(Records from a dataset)

-----

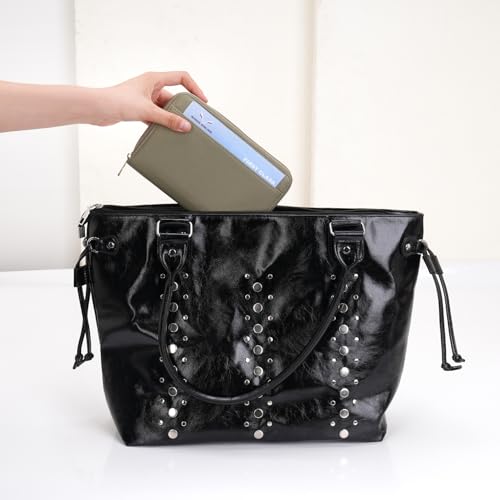 Leather Zipper Passport Wallet Holder Travel Essentials with RFID Blocking - color: Green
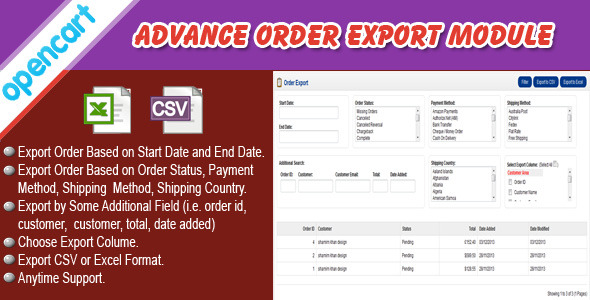 Opencart Order Export Module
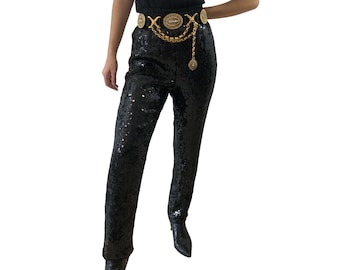 Vintage jaren '80 Zwarte Sequin Broek
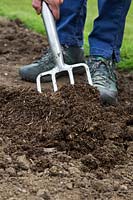 Digging in manure to garden border to improve soil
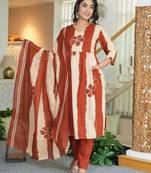 An elegant rust and cream 3-piece pure cotton suit set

-----

Starting with the line that contains "Vintage jaren '80 Zwarte Sequin Broek", give the lines again exactly as they appear through the last line of the data, pictures excluded.

 Vintage jaren '80 Zwarte Sequin Broek
 Digging in manure to garden border to improve soil
 An elegant rust and cream 3-piece pure cotton suit set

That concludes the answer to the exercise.